Regarding the detection of variants, both methods showed considerable overlap. The results over all patients are given in Figure 2, a summary is provided in Figure 3. We next focused on the nonoverlapping variants, which might best indicate problems regarding correct mutation calls in the investigated target region. For 30.8% of the unique SureSelect variants, there was no or insufficient coverage in the Haloplex data sets, underlining a capture deficiency across certain targeted genomic intervals. In contrast, none of the unique Haloplex variants had a missing coverage in the SureSelect data sets. To further evaluate whether the variants found by only one of the methods are correctly called genetic variants, we randomly selected unique SNVs and INDELs of various kinds (exonic, intronic, synonymous, nonsynonymous, stop, 3UTR) for each method and validated them by Sanger sequencing. Out of the variants uniquely found with the Haloplex method, only a single SNV (from 10 which were Sanger sequenced; 10%) and two INDELs (from 5; 40%) were confirmed by Sanger sequencing. By contrast, five for SureSelect unique SNVs (from 8; 62,5%) and five INDELs (100%) could be confirmed by Sanger. These results suggest that at least for the selected target region and workflow and in a small cohort of n = 10 patients, SureSelect delivers a more homogeneous target coverage and better base-call quality compared with Haloplex.

Figure 2.

Target enrichment comparison. Illustrates the shared (green) and unique variants (SNVs and INDELs) detected using the SureSelect system (yellow) and the Haloplex method (blue) for 10 investigated dilated cardiomyopathy patients.

Figure 3.

Target enrichment comparison. Illustrates the mean number of shared (green) and unique variants (SNVs and INDELs) detected using the SureSelect system (yellow) and the Haloplex method (blue).

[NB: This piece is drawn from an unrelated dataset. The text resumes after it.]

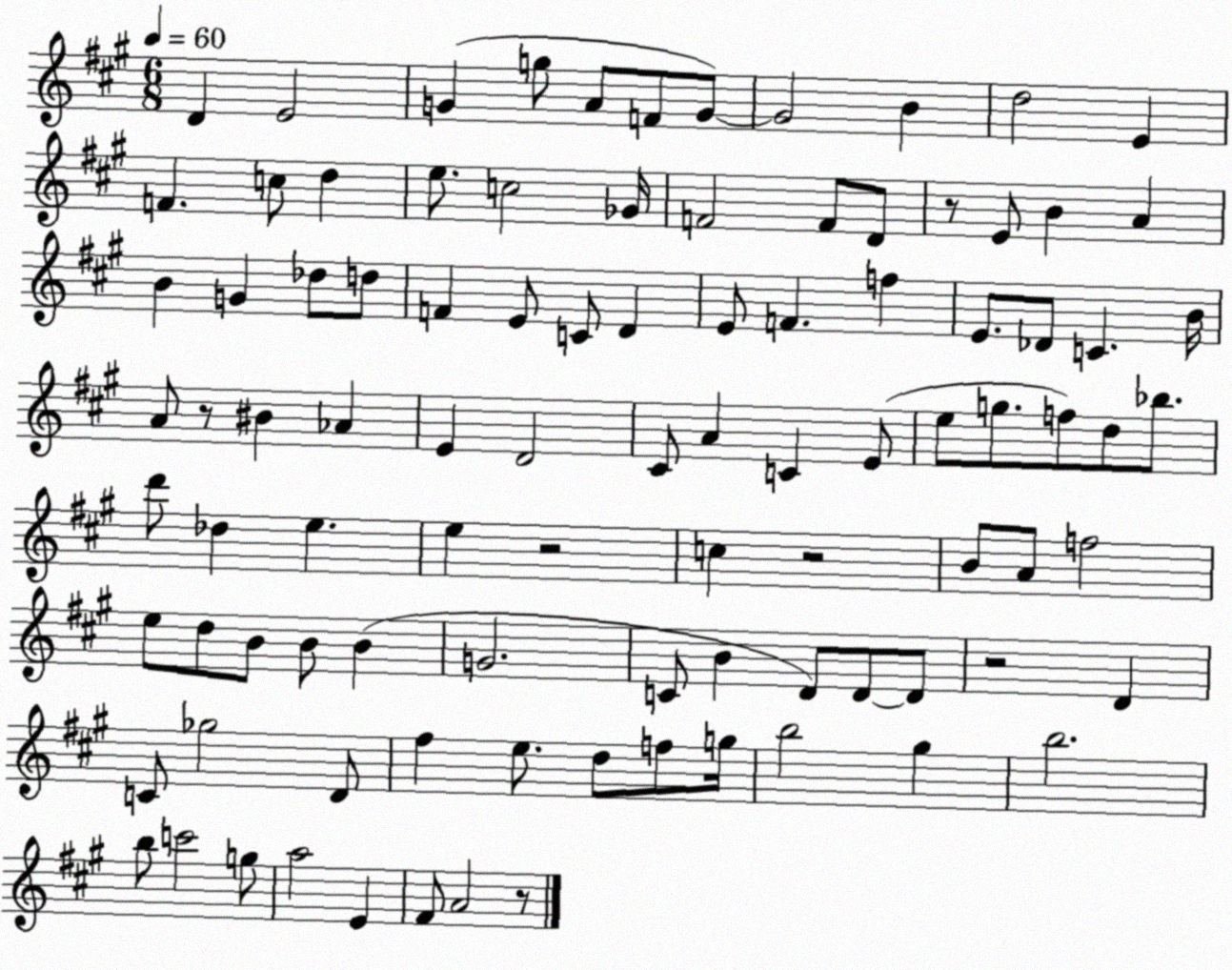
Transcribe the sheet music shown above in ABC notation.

With SureSelect currently delivering the better quality in regard to correct genotype calls, we next compared the results of our workflow/protocol to a gold-standard reference sample/genotypes (Hapmap sample NA 12878; National Institute of Standards and Technology, NIST).[71] We found the data sets to share 167 SNPs and 10 INDELs. Only two NIST SNPs could not be detected by the applied pipeline. On the other hand, we found one SNP and one INDEL to be unique in our calls. Whereas the novel deletion could be detected by direct Sanger sequencing of the amplicon (Supplementary Figure 1; see online at, the initial electropherogram for the SNV was not conclusive (Supplementary Figure 2 After subcloning of the NA12878 sample around this variant, we were able to confirm the variant by sequencing individual clones. Based on these results, we calculated for the variant calls (SNV and INDEL) an overall sensitivity of 98.9% and an overall specificity of 100% for the presented cardiomyopathy gene panel, underlining its excellent performance.